21RAG pipeline GPU contentionMEDIUMPer-process CUDA API breakdown (explain --per-process): shows which process is hogging GPU time
22Checkpoint save/load failuresMEDIUMMemory spike detection + I/O blocking in cudaStreamSync. Block I/O shows actual write latency + NFS timeouts
23PCIe bottleneck (KV cache swap, model loading)MEDIUMcudaMemcpy per-operation tracing with direction/size/duration. cudaMallocManaged page migration + Block I/O shows NVMe-PCIe contention
24Loss spikes (non-AMP)LOW-MEDSystem event correlation with loss timing
25Triton Inference Server multi-GPU bugsLOW-MEDCUDA API tracing on Triton processes
26Per-request inference latency tied to GPU events (v0.19)HIGHOptional emitter (vLLM at examples/integrations/vllm/) writes ONE span annotation per request to the agent socket; the agent joins by process incarnation + time window so explain --by-request and query --by-request show CUDA / memcpy / barrier-wait counts inside each request's [arrival, finished] span. Rows are ranked by agent-MEASURED span duration only. Continuous-batching honesty: a kernel inside a span is NOT exclusively that request's work and the same kernel appears in every overlapping request's group; the renderer prints this caveat verbatim every time. Single trust domain only: the agent peer-credentials the writer process (SO_PEERCRED) but cannot prove tenant honesty, so v0.19 is in-scope when one operator owns both the inference server and the trace, and out of scope when a tenant could submit a forged request_id through the emitter. Token-count labels (prompt_len, output_len) are advisory; they never feed ranking.

Per-request inference correlation reading guide (v0.19)

--by-request answers "which CUDA / memcpy / barrier-wait events landed inside this request's lifecycle window?" It does NOT answer "which kernels did this request cause." Under continuous batching (vLLM v1, TRT-LLM, SGLang) a single kernel launch serves tokens from many in-flight requests, so the time-overlap slice is the only honest question the data can answer.

Read the rows this way:

  • duration is the agent-measured span (span_end - span_start of the request_id annotation). A forged prompt_len or output_len from a misbehaving emitter cannot reorder the table; the agent never ranks by emitter-supplied values.
  • events is the count of events from the analyzed set whose timestamps land inside that request's span. The SAME event will appear in EVERY request whose span contains it; do not sum these counts across rows to compute a total.
  • The two Note: lines above the table are NOT cosmetic. They are the contract: the renderer prints them verbatim, and any investigation that ignores them will mis-attribute kernel work.

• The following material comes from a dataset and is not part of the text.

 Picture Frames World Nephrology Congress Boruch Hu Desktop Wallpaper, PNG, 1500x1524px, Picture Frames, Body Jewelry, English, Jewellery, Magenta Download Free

Sensitivity: request_id and prompt_len / output_len are stored in the SQLite annotations table as plain text and survive trace rollover. When a raw request_id is sensitive (PII, prompt-hash proxy, customer ID), turn on the emitter's salted-hash mode so the on-disk value is a 16-char hex digest the operator can still group on but cannot reverse without the salt.